Silvia Romano sulla sua conversione all’Islam: «Avevo bisogno di credere in qualcosa, nessuno mi ha obbligata»

Silvia Romano ha raccontato nei dettagli la storia della sua conversione all’Islam durante un colloquio con il pm Sergio Colaiocco e con il colonnello Marci Rosi del Ros.
Nell’interrogatorio, secondo il verbale riportato da ‘Il Messaggero’, la giovane cooperante, rapita un anno e mezzo fa in Kenya e liberata venerdì scorso, ha raccontato:
«Durante gli spostamenti tra un luogo e l’altro mi facevano salire in auto, in moto, o anche su un carretto. Mai a piedi. E una volta raggiunto il nuovo posti dove fermarsi, mi ritrovavo da sola in una stanza, dove, non molto distante, c’era un bagno. Non ho visto altri occidentali, né ho vissuto con altre donne. Ho sentito parlare di altri rapiti, ma non mi è mai capitato di incontrarne».

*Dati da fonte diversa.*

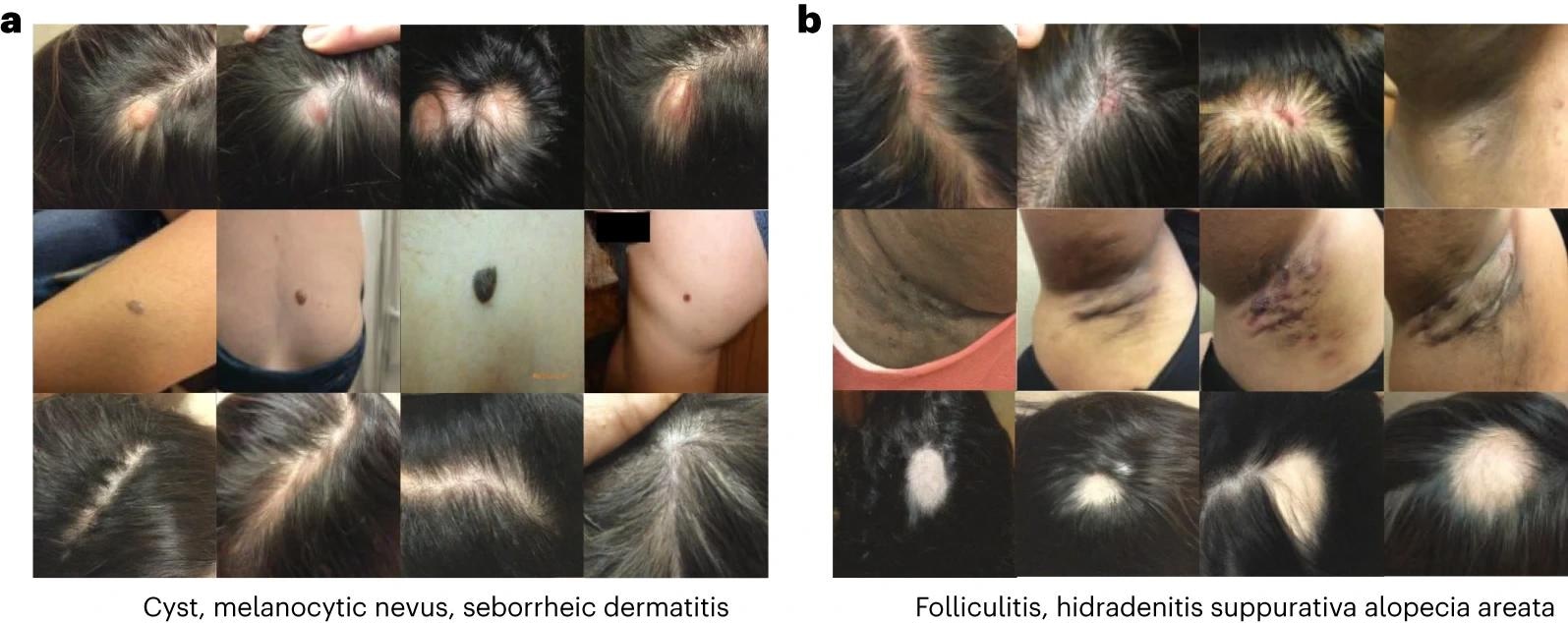 Generated images in the dermatology setting. Each row of images corresponds to a different condition. a, Generated images for cyst, melanocytic nevus and seborrheic dermatitis. b, Generated images for folliculitis, hidradenitis and alopecia areata.
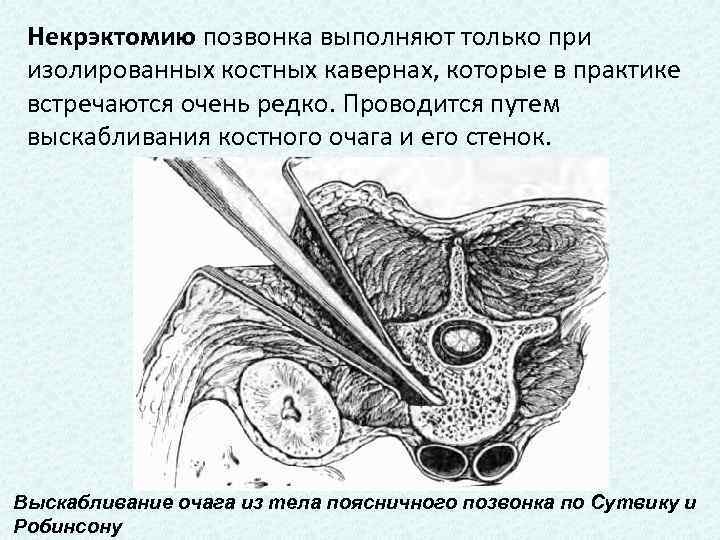 Некрэктомию позвонка выполняют только при изолированных костных кавернах, которые в практике встречаются очень редко.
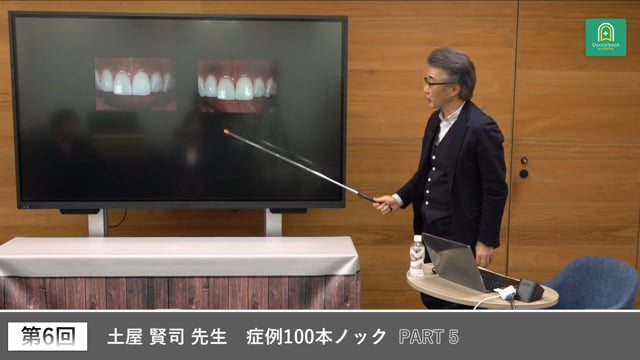 顔貌と調和する前歯部審美を考える #5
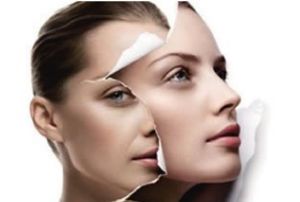 雙下巴吸脂手術(shù)的風(fēng)險下降了嗎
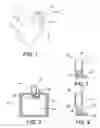 Fig. 02 - Pressurized chewing gum compositions and dispensing method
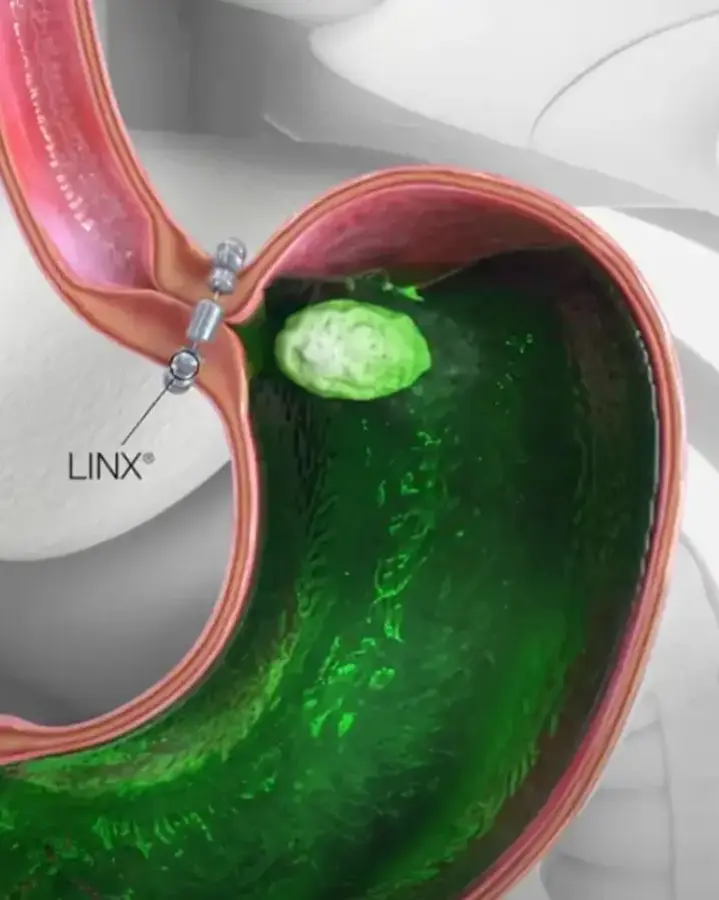 linx reflux example with stomach model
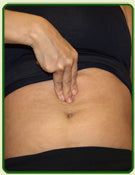 Diastasis Rectus Abdominis and Lumbo-Pelvic Pain and Dysfunction-Are They Related?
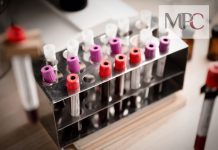 MPC/DF entra com representação a respeito da testagem para o novo coronavírus e chama a atenção para a precariedade das UBS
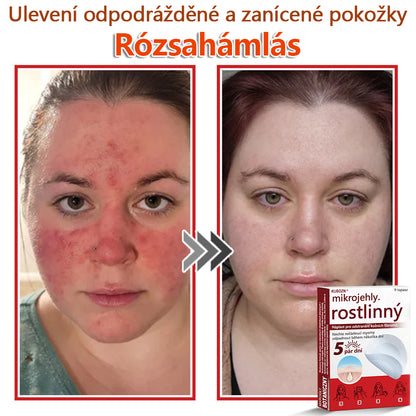 🔥🔥🔥KUBOZN® Mikroneedle Botanické náplasti na odstranění kožních výrůstků | Vyrobeno v České republice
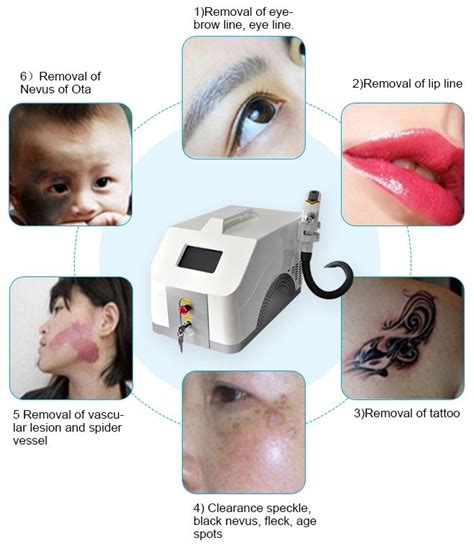 Picolaser Q Switched Nd Yag Laser Tattoo Remove Machine Freckle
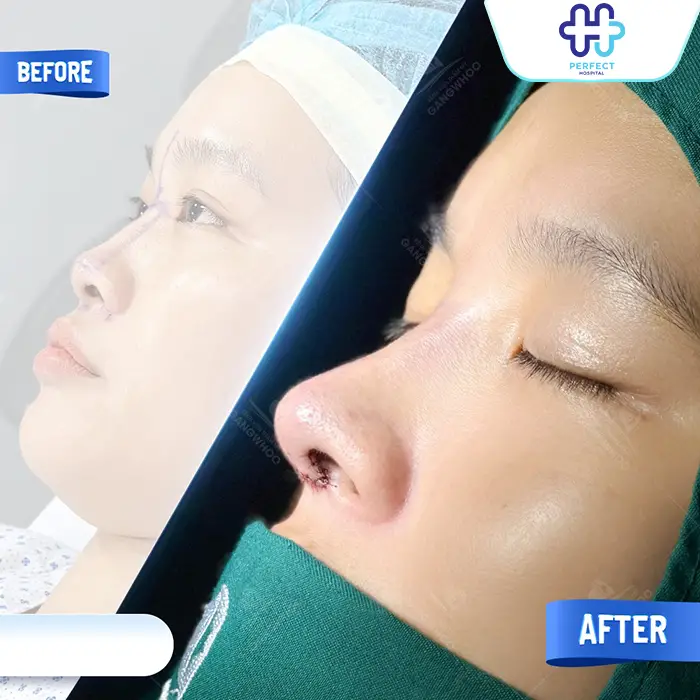 Nâng Mũi Bằng Sụn Tai Có Tốt Không? Có An Toàn Không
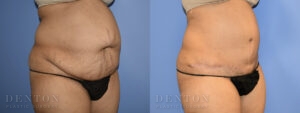 Tummy Tuck B&A 07-05B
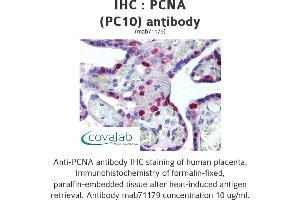Image no. 1 for anti-Proliferating Cell Nuclear Antigen (PCNA) antibody (ABIN1724017) (PCNA antibody)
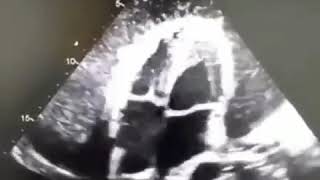 Constrictive Pericarditis with tamponade  Echo Clip  The Echo Channel [upl. by Castera482]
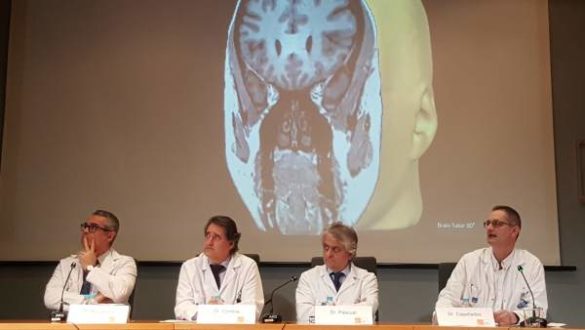 primera-cirugia-laser-en-espana-para-tratar-la-epilepsia
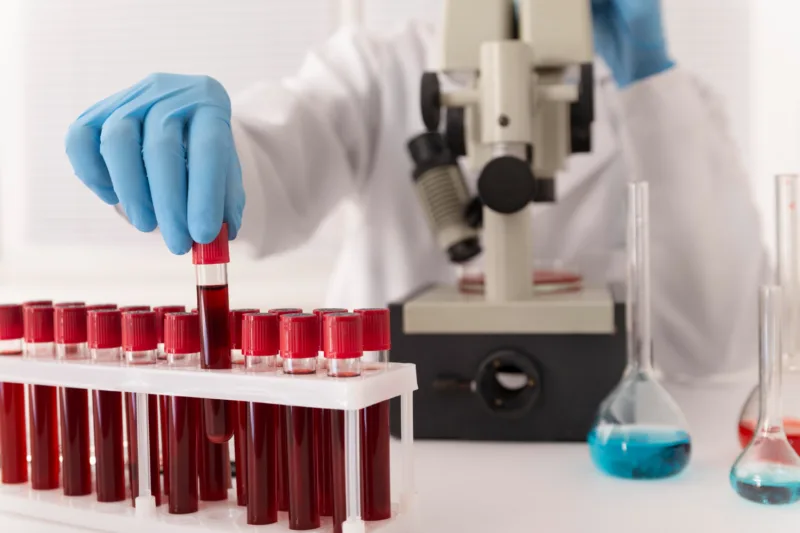 laboratorija krv freepik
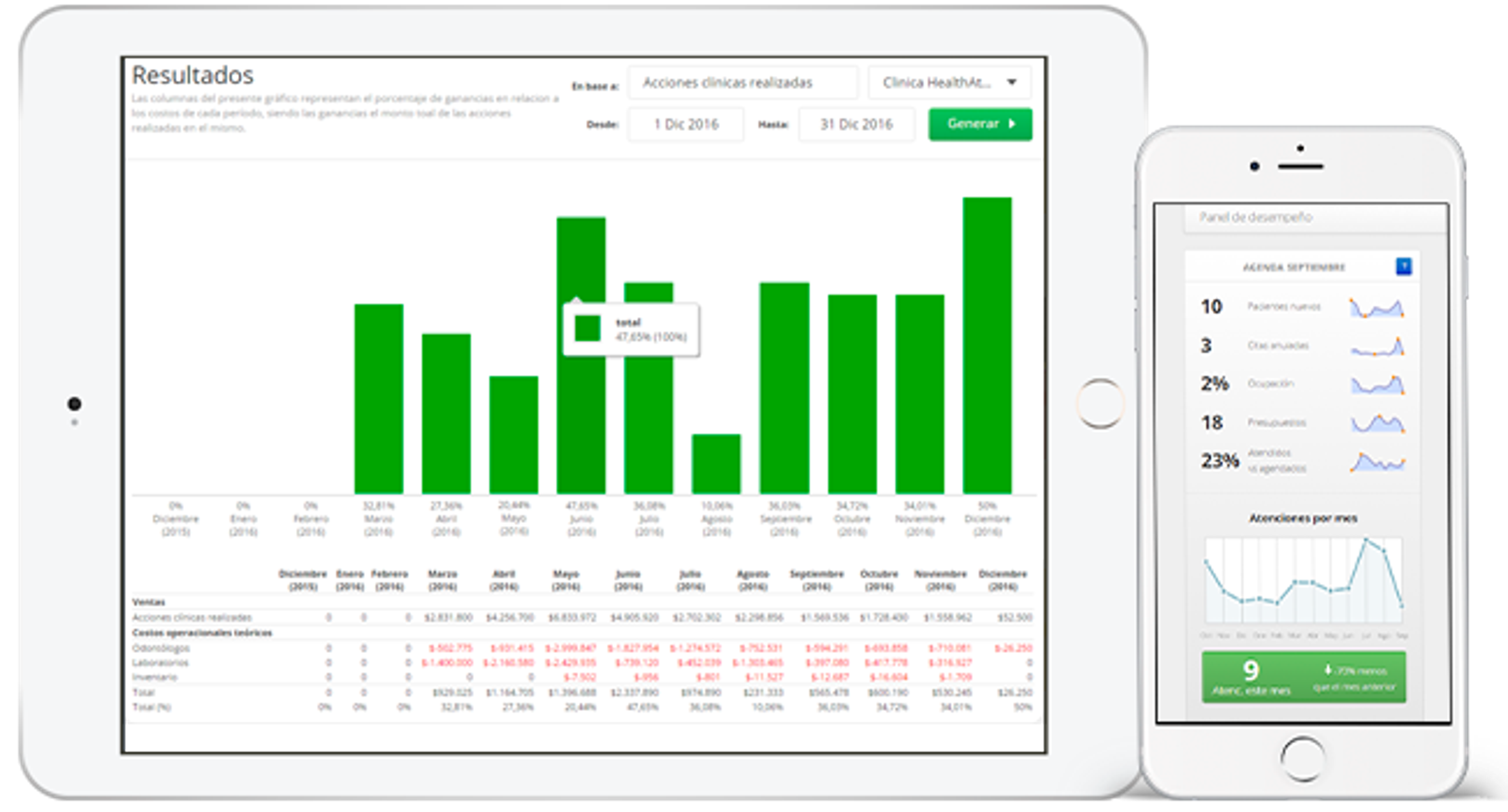 Reportes de Gestión | Software Dentalink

Prima di essere liberata, Silvia Romano è stata trasferita almeno sei volte e dopo 5 mesi dal giorno del rapimento, si è tenuta una cerimonia, alla presenza dei suoi carcerieri: «Avevo bisogno di credere in qualcosa, di conoscere le ragioni di quanto mi stava accadendo. Ho espresso la volontà di diventare musulmana. Ho recitato le formule e ho dichiarato che Allah è l’unico Dio. È durato tutto pochi minuti. Nessuno mi ha obbligata, è stata una mia scelta. E in quel momento ho scelto di chiamarmi Aisha», ha raccontato la giovane.
Quanto ai filmati girati con uno smartphone dai carcerieri per portare avanti la trattativa per la liberazione, Silvia ha affermato: «Mi spiegava cosa dovevo dire, premettendo sempre nome, cognome e data».
Nel frattempo gli inquirenti stanno lavorando su tabulati e contatti telefonici per risalire a mandanti e organizzatori del rapimento della giovane cooperante. Dai tabulati emerge che ci sono stati contatti fra la banda di 8 criminali che ha sequestrato Silvia con diverse persone in Somalia. Questo rafforzerebbe l’ipotesi il sequestro sia stato commissionato e pianificato in Somalia da islamisti del gruppo Al Shabaab.